Abacavir

Chemical formula: C₁₄H₁₈N₆O  Molecular mass: 286.332 g/mol  PubChem compound: 441300

Interactions

Abacavir interacts in the following cases:

Hepatic impairment

Abacavir is primarily metabolised by the liver. No definitive dose recommendation can be made in patients with mild hepatic impairment (Child-Pugh score 5-6). In patients with moderate or severe hepatic impairment, no clinical data are available, therefore the use of abacavir is not recommended unless judged necessary. If abacavir is used in patients with mild hepatic impairment, then close monitoring is required, including monitoring of abacavir plasma levels if feasible.

Pre-existing liver dysfunction

Patients with pre-existing liver dysfunction, including chronic active hepatitis, have an increased frequency of liver function abnormalities during combination antiretroviral therapy, and should be monitored according to standard practice. If there is evidence of worsening liver disease in such patients, interruption or discontinuation of treatment must be considered.

Ethanol

The metabolism of abacavir is altered by concomitant ethanol resulting in an increase in AUC of abacavir of about 41%. These findings are not considered clinically significant. Abacavir has no effect on the metabolism of ethanol.

Retinoid compounds

Retinoid compounds are eliminated via alcohol dehydrogenase. Interaction with abacavir is possible but has not been studied.

Methadone

In a pharmacokinetic study, co-administration of 600 mg abacavir twice daily with methadone showed a 35% reduction in abacavir Cmax and a one hour delay in tmax but the AUC was unchanged. The changes in abacavir pharmacokinetics are not considered clinically relevant. In this study abacavir increased the mean methadone systemic clearance by 22%. The induction of drug metabolising enzymes cannot therefore be excluded. Patients being treated with methadone and abacavir should be monitored for evidence of withdrawal symptoms indicating under dosing, as occasionally methadone re-titration may be required.

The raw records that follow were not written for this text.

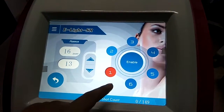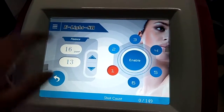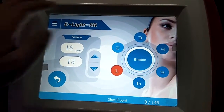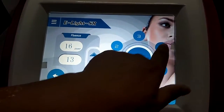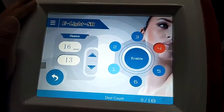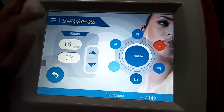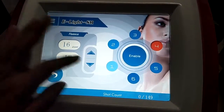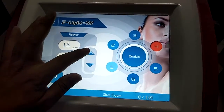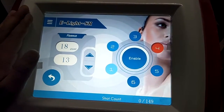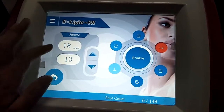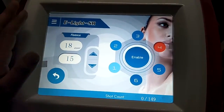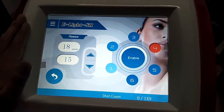Here is the skin type selection. For example, we can choose skin type 4 and adjust the IPL energy to 18. The RF energy — adjust to 15.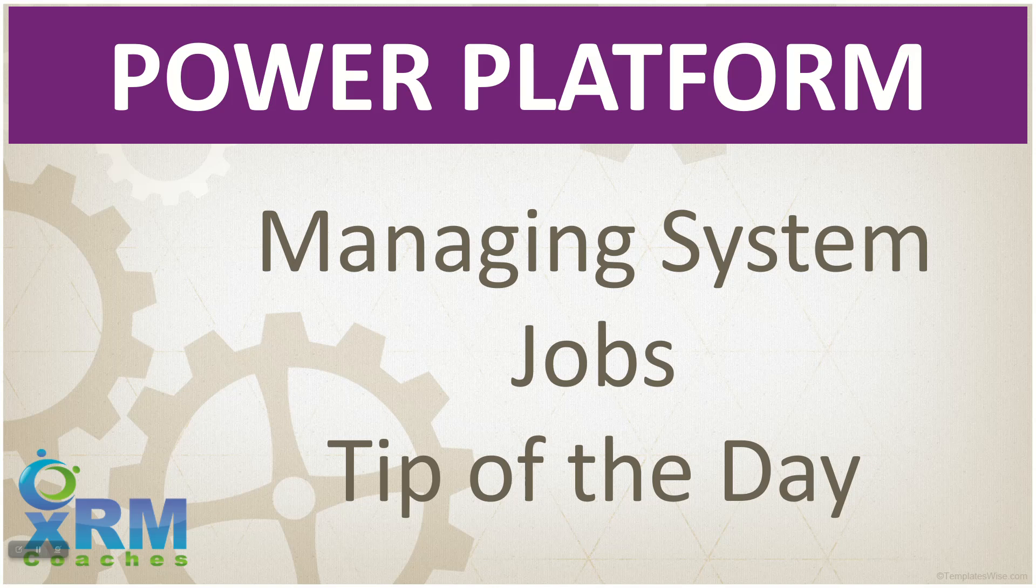Greetings everybody. Today we're going to talk about a quick tip that I used to teach in one of my classes, where we were talking about how to manage system jobs. Just a quick tip for today.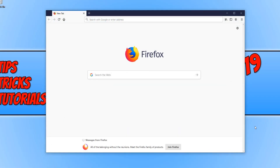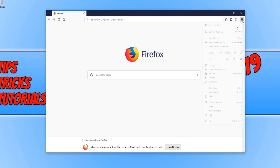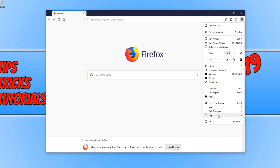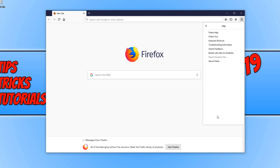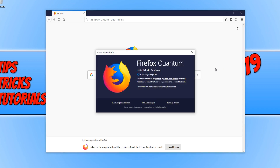In today's video, I will be showing you how to check if you are running the latest version of Firefox. To do this, all you need to do is open up Firefox and once you have, you need to click on the three lines in the top right hand corner. And you need to then go down to Help.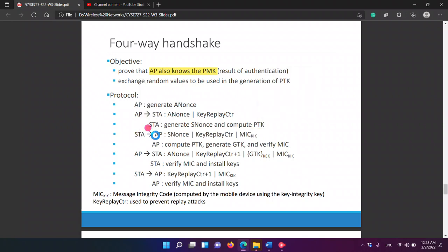The station sends the access point its S-Nonce along with the key replay counter, and adds a Message Integrity Code using the Key Integrity Key. This is a key used to verify message integrity. The station computes the PTK. The access point also computes the PTK to verify it matches.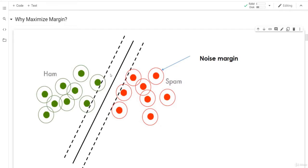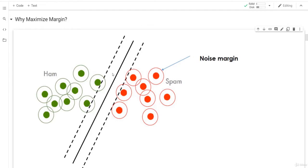These dashed lines are the margins — one margin from the ham side and one from the spam side. What we want to maximize is the distance between them, from here to here. The line that maximizes this distance is the one we are going to choose. Now, considering training data and a new test ham point, that point will most probably appear somewhere in this region.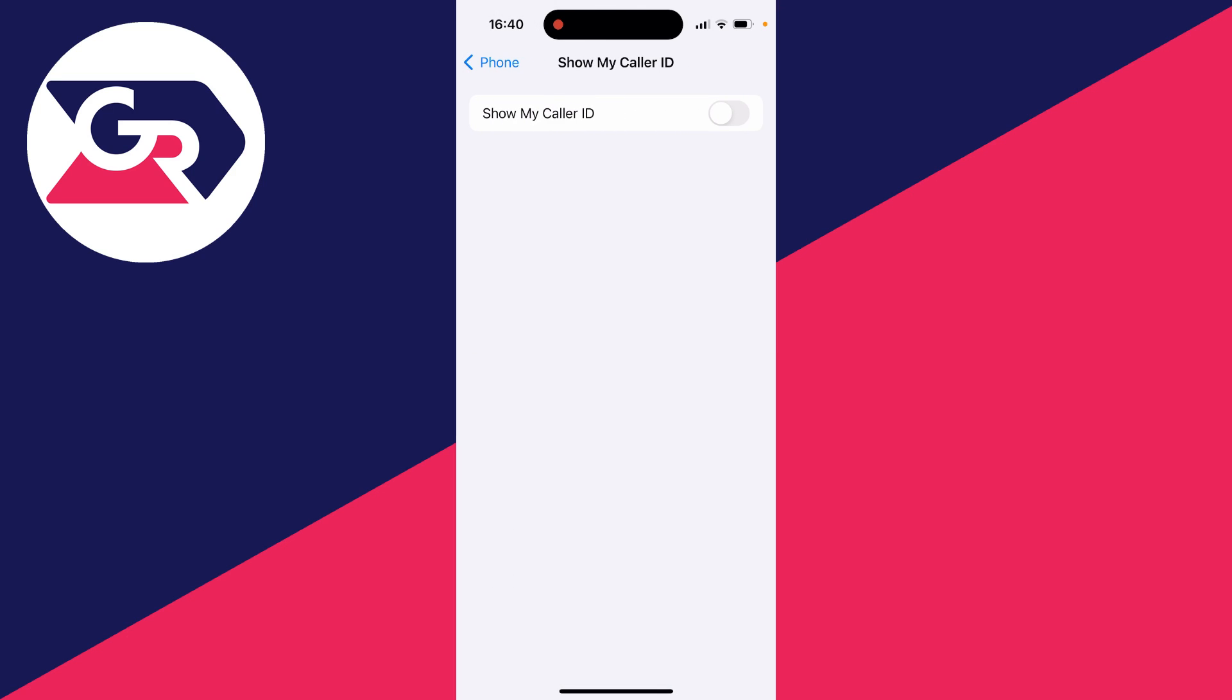At the moment this is switched off, so no caller ID is enabled and will be shown to people when I make a call. If I switch this back on like so, I've now turned no caller ID off and my caller ID will be shown to people.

Rifampicin, phenobarbital, phenytoin

Potent enzymatic inducers such as rifampicin, phenobarbital and phenytoin may via their action on UDP-glucuronyltransferases slightly decrease the plasma concentrations of abacavir.

Riociguat

In vitro, abacavir inhibits CYP1A1. Concomitant administration of a single dose of riociguat (0.5 mg) to HIV patients receiving the combination of abacavir/dolutegravir/lamivudine (600mg/50mg/300mg once daily) led to an approximately three-fold higher riociguat AUC(0-∞) when compared to historical riociguat AUC(0-∞) reported in healthy subjects. Riociguat dose may need to be reduced. Consult the riociguat prescribing information for dosing recommendations.

Chronic hepatitis B or C

Patients with chronic hepatitis B or C and treated with combination antiretroviral therapy are at an increased risk of severe and potentially fatal hepatic adverse reactions. In case of concomitant antiviral therapy for hepatitis B or C, please refer also to the relevant product information for these medicinal products.

Pregnancy

As a general rule, when deciding to use antiretroviral agents for the treatment HIV infection in pregnant women and consequently for reducing the risk of HIV vertical transmission to the newborn, both animal data as well as clinical experience in pregnant women should be taken into account. Animal studies have shown toxicity to the developing embryo and foetus in rats, but not in rabbits. Abacavir has been shown to be carcinogenic in animal models. Clinical relevance in human of these data is unknown. Placental transfer of abacavir and/or its related metabolites has been shown to occur in human.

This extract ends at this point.